◆ WHAT TO WORK ON:
In the listing below, locate the line containing "Kem chống nắng" and the line containing "Woopie Baby Wasserspielzeug-Set". Output both of them and every line between, exactly as written, and nothing more.
** Opening RAW DATA block **
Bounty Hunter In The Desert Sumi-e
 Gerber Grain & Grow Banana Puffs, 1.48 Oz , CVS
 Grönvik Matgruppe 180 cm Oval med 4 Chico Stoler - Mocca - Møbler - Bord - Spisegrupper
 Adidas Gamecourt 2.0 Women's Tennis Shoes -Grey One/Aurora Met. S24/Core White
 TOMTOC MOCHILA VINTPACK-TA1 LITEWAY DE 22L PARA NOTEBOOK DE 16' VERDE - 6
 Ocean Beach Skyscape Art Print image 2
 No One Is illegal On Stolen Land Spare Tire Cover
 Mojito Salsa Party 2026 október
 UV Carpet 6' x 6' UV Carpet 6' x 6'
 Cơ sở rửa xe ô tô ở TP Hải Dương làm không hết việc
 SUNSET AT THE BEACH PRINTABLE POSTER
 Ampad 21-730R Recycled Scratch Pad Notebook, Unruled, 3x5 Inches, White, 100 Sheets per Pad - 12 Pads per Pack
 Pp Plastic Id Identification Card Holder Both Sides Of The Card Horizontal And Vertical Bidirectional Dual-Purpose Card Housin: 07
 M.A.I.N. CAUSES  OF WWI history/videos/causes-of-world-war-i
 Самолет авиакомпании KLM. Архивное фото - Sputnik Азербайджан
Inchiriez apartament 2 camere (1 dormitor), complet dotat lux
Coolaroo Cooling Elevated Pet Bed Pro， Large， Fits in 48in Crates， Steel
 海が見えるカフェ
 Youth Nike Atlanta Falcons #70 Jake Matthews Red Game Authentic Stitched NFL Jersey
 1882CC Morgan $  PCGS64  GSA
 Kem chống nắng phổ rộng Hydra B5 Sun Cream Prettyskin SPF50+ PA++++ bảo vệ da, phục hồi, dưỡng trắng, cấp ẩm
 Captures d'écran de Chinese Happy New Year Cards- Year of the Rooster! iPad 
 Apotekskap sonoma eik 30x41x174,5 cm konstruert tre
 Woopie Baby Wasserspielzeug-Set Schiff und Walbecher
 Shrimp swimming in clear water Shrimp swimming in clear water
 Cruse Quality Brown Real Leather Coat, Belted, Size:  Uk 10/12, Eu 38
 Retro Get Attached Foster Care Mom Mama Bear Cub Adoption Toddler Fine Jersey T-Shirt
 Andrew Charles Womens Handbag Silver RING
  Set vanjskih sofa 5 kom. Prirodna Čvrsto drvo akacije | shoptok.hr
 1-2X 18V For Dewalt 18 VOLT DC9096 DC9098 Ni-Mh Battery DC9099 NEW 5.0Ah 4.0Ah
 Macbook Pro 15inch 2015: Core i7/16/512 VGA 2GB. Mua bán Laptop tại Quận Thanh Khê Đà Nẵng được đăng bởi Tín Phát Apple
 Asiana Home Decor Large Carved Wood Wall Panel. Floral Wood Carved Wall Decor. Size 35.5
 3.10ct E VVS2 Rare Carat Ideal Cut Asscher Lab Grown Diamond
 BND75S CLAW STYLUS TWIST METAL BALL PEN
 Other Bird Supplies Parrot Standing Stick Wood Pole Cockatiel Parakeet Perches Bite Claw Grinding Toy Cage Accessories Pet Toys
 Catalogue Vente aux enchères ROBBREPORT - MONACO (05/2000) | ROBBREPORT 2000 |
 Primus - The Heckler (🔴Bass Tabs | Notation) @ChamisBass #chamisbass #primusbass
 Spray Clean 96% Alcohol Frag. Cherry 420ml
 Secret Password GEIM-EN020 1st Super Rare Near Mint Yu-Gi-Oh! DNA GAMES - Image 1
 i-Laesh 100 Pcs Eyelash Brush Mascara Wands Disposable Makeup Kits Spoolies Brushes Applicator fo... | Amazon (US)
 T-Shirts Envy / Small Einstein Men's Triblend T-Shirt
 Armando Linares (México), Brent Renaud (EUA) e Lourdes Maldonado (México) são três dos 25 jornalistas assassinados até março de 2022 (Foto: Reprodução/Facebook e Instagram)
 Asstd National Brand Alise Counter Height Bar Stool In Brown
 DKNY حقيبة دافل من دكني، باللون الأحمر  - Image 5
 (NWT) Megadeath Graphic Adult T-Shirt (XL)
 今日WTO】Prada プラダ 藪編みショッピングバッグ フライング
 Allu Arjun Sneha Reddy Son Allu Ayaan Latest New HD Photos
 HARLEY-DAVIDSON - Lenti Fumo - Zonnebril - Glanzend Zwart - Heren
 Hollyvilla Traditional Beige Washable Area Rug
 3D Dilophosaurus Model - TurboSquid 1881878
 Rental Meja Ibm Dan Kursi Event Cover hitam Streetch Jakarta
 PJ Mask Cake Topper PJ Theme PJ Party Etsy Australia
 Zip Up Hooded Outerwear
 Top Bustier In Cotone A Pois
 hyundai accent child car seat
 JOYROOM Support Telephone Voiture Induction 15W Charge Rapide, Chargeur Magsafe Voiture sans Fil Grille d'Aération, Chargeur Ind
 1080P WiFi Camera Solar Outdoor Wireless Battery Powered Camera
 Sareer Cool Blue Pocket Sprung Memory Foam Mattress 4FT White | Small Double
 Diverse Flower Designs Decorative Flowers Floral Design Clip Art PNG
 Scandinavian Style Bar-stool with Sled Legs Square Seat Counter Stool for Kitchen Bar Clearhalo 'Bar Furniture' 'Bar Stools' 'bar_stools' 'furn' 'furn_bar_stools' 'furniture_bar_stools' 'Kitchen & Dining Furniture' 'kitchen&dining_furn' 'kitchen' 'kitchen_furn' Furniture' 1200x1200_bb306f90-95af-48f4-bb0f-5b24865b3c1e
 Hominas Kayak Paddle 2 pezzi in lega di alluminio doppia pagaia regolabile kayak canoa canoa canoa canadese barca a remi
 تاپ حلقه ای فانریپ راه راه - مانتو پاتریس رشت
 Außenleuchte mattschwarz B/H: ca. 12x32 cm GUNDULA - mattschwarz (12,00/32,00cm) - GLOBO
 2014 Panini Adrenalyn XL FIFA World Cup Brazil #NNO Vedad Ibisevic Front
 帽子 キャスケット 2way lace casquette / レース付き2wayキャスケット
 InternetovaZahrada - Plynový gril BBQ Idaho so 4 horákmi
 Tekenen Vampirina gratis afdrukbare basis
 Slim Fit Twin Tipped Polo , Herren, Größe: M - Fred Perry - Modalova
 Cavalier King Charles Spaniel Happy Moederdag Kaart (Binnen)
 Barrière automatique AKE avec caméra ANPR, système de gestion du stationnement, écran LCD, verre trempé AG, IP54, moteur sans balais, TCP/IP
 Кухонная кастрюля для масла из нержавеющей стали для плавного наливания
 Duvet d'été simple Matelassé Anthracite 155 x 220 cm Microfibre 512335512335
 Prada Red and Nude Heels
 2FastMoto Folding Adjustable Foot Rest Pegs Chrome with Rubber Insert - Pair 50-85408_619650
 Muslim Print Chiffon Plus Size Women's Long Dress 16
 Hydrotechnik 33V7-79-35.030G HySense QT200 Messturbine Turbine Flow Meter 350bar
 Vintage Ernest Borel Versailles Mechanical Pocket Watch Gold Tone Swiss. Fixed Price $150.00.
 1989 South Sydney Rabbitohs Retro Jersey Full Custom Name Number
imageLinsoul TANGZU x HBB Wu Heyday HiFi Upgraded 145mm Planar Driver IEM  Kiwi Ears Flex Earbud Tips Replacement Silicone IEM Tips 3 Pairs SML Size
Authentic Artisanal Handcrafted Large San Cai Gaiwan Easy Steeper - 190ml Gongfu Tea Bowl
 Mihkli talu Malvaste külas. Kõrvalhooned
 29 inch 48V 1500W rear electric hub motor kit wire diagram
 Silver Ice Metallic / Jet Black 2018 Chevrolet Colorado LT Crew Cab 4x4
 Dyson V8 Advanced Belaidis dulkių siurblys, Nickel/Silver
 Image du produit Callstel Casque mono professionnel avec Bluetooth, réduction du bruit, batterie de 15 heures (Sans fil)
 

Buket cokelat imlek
** Closing RAW DATA block **
◆ EXPECTED OUTPUT:
 Kem chống nắng phổ rộng Hydra B5 Sun Cream Prettyskin SPF50+ PA++++ bảo vệ da, phục hồi, dưỡng trắng, cấp ẩm
 Captures d'écran de Chinese Happy New Year Cards- Year of the Rooster! iPad 
 Apotekskap sonoma eik 30x41x174,5 cm konstruert tre
 Woopie Baby Wasserspielzeug-Set Schiff und Walbecher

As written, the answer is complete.